Memory Aging and Cognition Centre, National University Health System, Singapore, Singapore.
Department of Pharmacology, National University of Singapore, Singapore, Singapore.
J Alzheimers Dis. 2020;73(3):1053-1062. doi: 10.3233/JAD-190999.
Cerebral small vessel disease (SVD) and neuropsychiatric symptoms (NPS) independently increase the risk of cognitive decline. While their co-existence has been reported in the preclinical stage of dementia, longitudinal data establishing the prognosis of their associations, especially in an Asian context remains limited.

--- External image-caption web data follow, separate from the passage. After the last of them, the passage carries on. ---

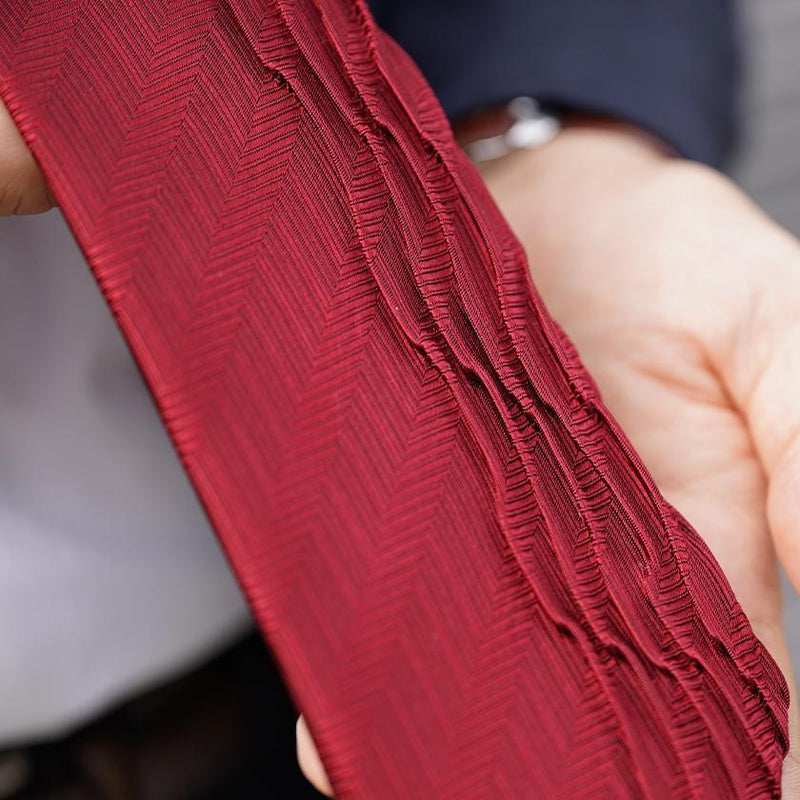 [PLEATS TIE] HERRINGBONE RED | NEKADO | NISHIJIN ORI (TEXTILES)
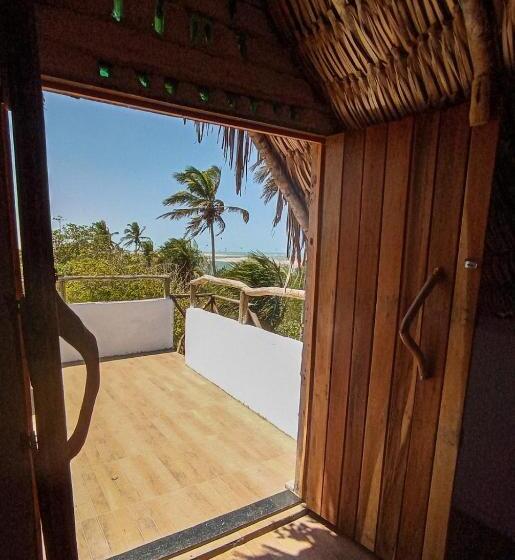 غرفة قياسية مطلّة علي البحر مزوَّدة بشُرفة, Dumangue Kite House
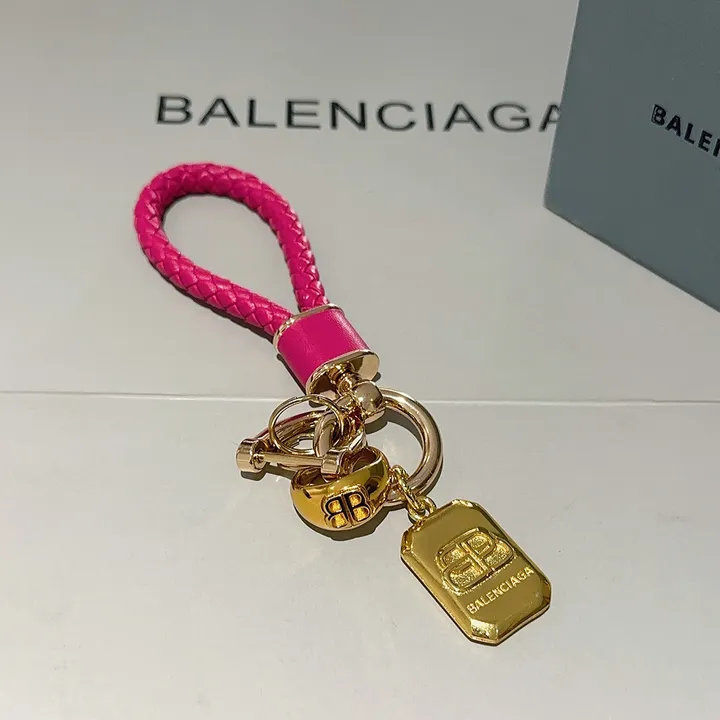 スーパーコピー バレンシアガ キーホルダー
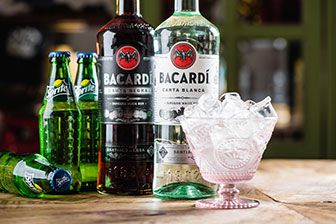 Rượu Bacardi Rum dùng để pha chế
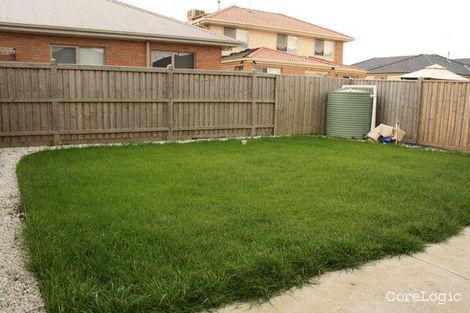 Property photo of 12 The Garlands Craigieburn VIC 3064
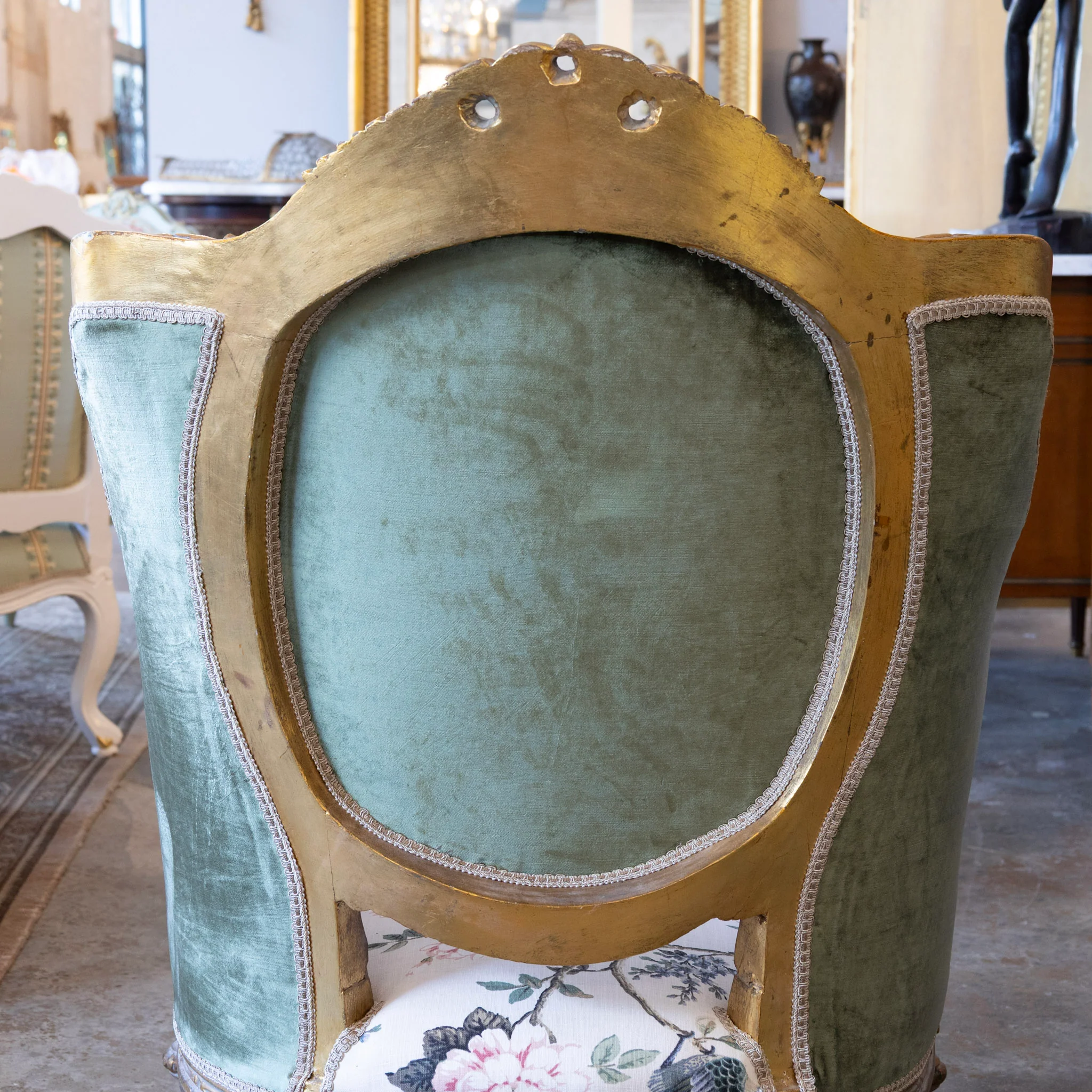 Louis XVI Gilded Bergère Chair – Chinoiserie Floral Linen & Green Velvet Upholstery - Image 10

This study investigated the role of SVD and NPS progressions on cognitive outcomes over 2 years in a dementia-free elderly cohort.
170 dementia-free elderly with baseline and 2-year neuropsychological assessments and MRI scans were included in this study. White matter hyperintensities (WMH), lacunes, and microbleeds (CMBs) were graded as markers of SVD. The Neuropsychiatric Inventory (NPI) was used to measure NPS. Generalized estimating equations modelling evaluated the relationship between NPI change and SVD progression. Logistic regression evaluated the risk of incident cognitive decline with both SVD and NPS. All models were adjusted for demographics, baseline cerebrovascular diease, and medial temporal lobe atrophy.

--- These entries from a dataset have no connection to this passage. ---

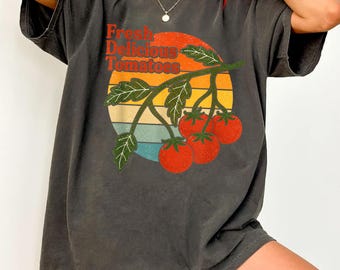 Fresh Tomato Farm Shirt, Vintage Garden Vegetable Tee, Tomato Illustration T-Shirt, Farmers Market Gift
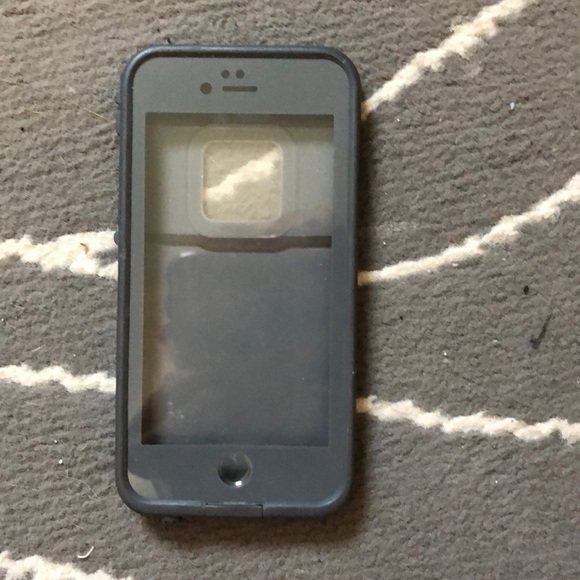 Phone case - Picture 2 of 2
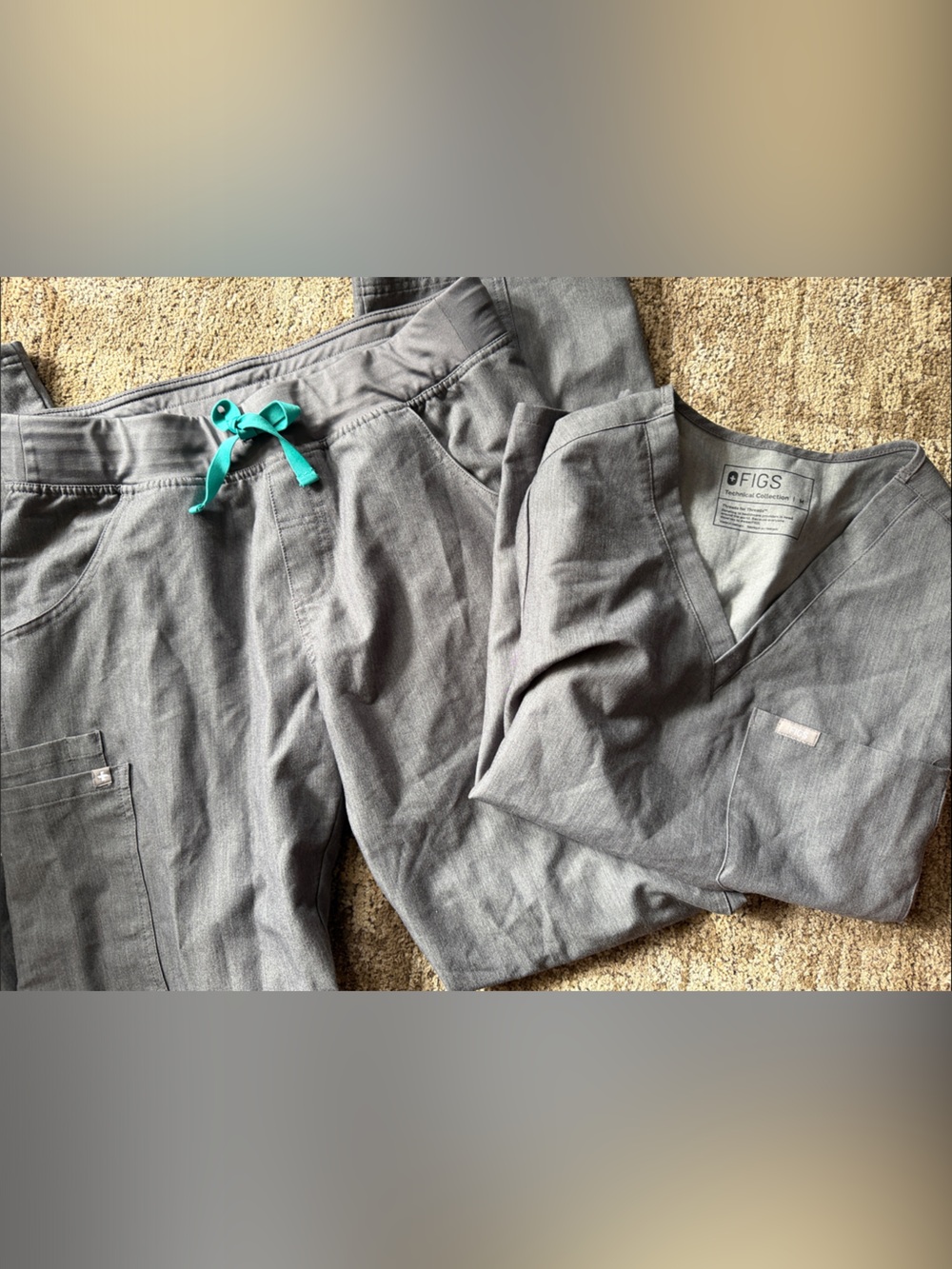 Women’s Figs charcoal kade cargo pant medium/TALL and Catarina top medium
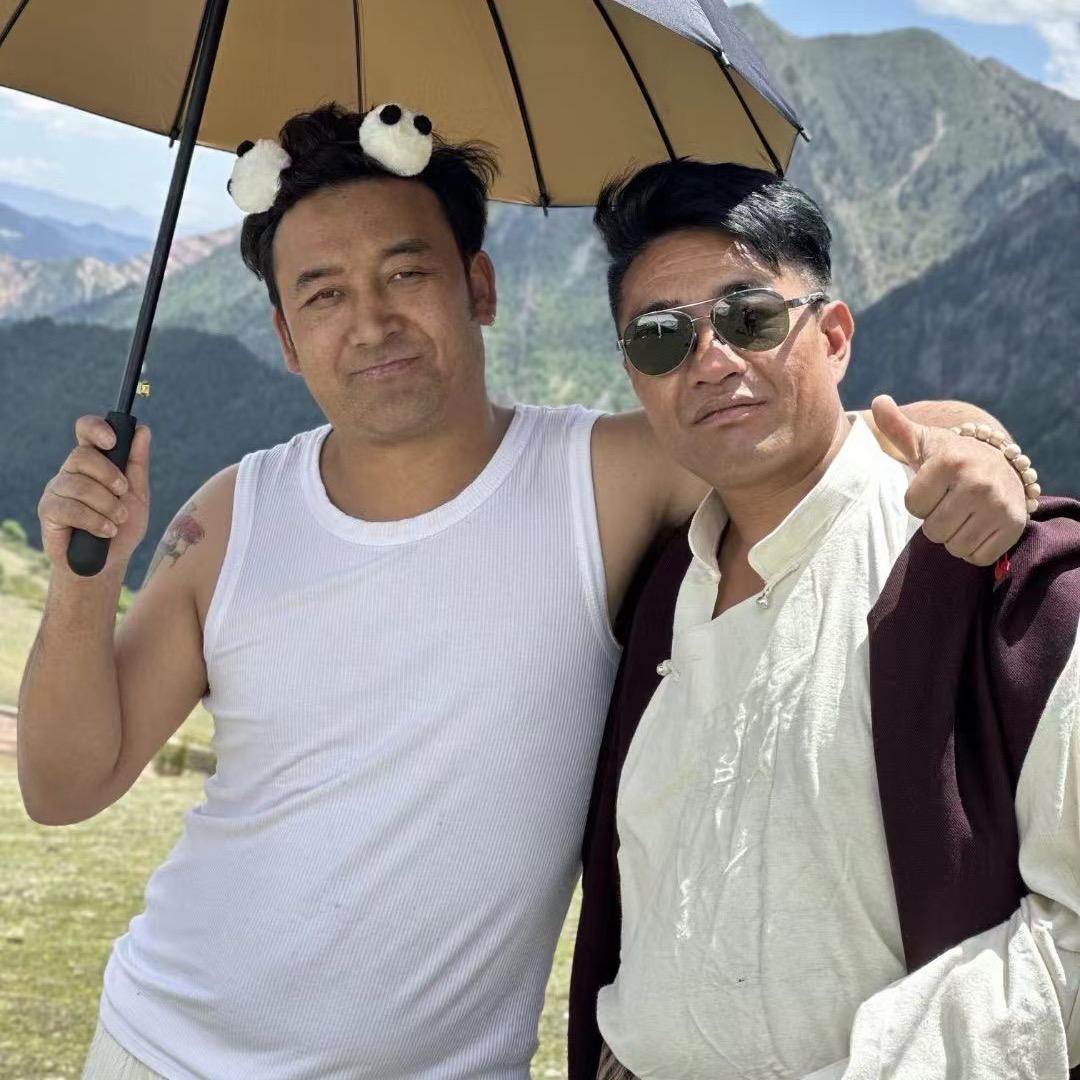 藏族歌手小更尕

Higher NPI scores were associated with higher SVD burden at baseline. Subjects with WMH progression had greater increase in total NPI (β[SE] = 0.46[0.19], p = 0.016), driven by hyperactivity subsyndrome (β[SE] = 0.88[0.34], p = 0.007). Subjects with incident CMBs had greater increase in psychosis subsyndrome (β[SE] = 0.89[0.30], p < 0.001). Subjects with progressions in both SVD and NPS were more likely to develop cognitive decline over 2 years (OR[95% CI] = 4.17[1.06-16.40], p < 0.05).

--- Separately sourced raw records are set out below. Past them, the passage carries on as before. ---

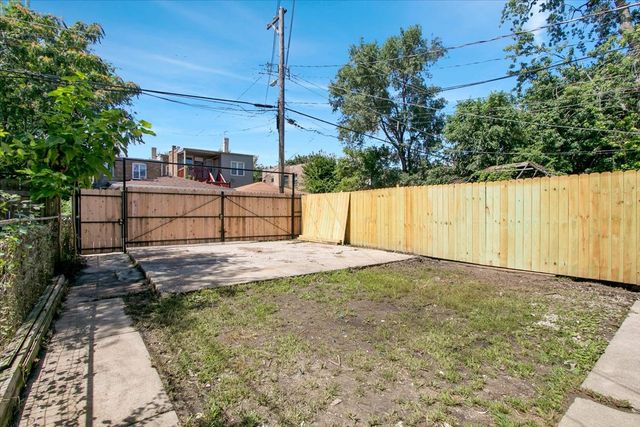 7026 S Eberhart Avenue, Chicago, IL 60637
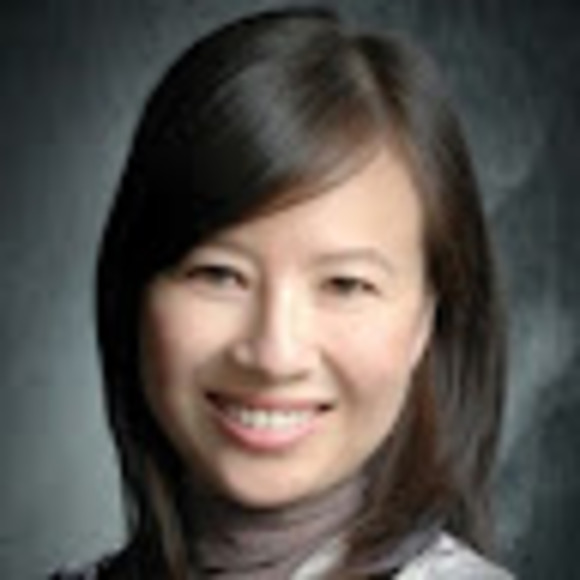Profile Picture of Houng Lau (@marghoung) on Poshmark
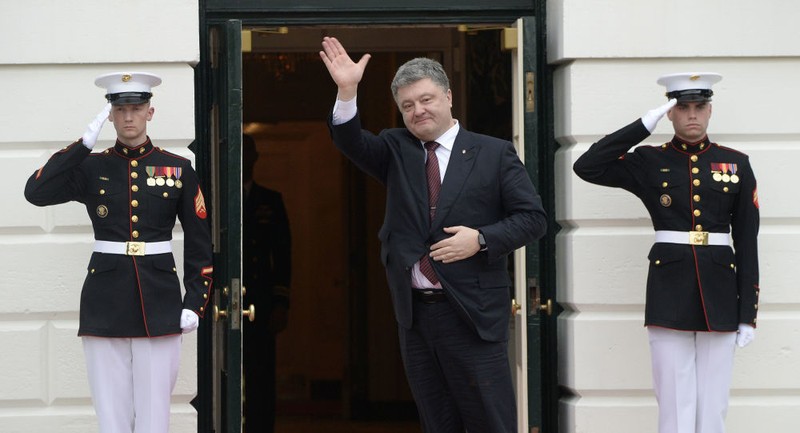 Ông Poroshenko "ngốn" 200 ngàn USD để đi thăm Mỹ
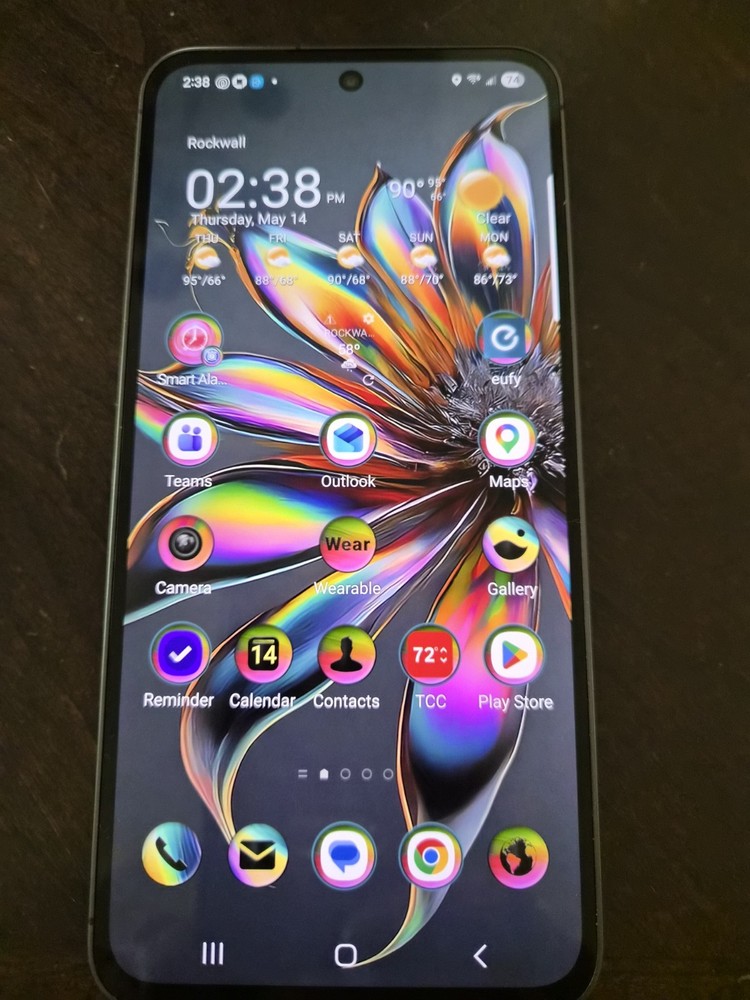 Samsung S24 FE Graphite, 128G, + Box, 3 Cases, Screen and Camera Covers – AT&T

Our findings support worsening of NPS as a clinical indicator of SVD progression and are associated with cognitive decline over 2 years. Early detection of NPS and targeted interventions on SVD burden may improve NPS outcomes.
脑小血管病(SVD)和神经精神症状(NPS)独立增加认知能力下降的风险。虽然它们在痴呆的临床前阶段已经被报道共存,但在亚洲背景下,关于它们之间关联的预后的纵向数据仍然有限。
本研究旨在调查 SVD 和 NPS 的进展在 2 年内对无痴呆老年队列认知结果的影响。
本研究纳入了 170 名无痴呆老年患者,他们在基线和 2 年内进行了神经心理学评估和 MRI 扫描。脑白质高信号(WMH)、腔隙和微出血(CMB)被分级为 SVD 的标志物。神经精神问卷(NPI)用于测量 NPS。广义估计方程模型评估了 NPI 变化与 SVD 进展之间的关系。Logistic 回归评估了 SVD 和 NPS 对认知能力下降的风险。所有模型均调整了人口统计学、基线脑血管疾病和内侧颞叶萎缩。
较高的 NPI 评分与基线时更高的 SVD 负担相关。WMH 进展的患者 NPI 总分增加更多(β[SE] = 0.46[0.19],p = 0.016),这主要是由于多动综合征的增加(β[SE] = 0.88[0.34],p = 0.007)。发生 CMB 的患者精神病学综合征的增加更多(β[SE] = 0.89[0.30],p < 0.001)。SVD 和 NPS 都进展的患者在 2 年内更有可能出现认知能力下降(OR[95%CI] = 4.17[1.06-16.40],p < 0.05)。
我们的发现支持 NPS 的恶化作为 SVD 进展的临床指标,并与 2 年内的认知能力下降有关。早期发现 NPS 和针对 SVD 负担的靶向干预可能会改善 NPS 结局。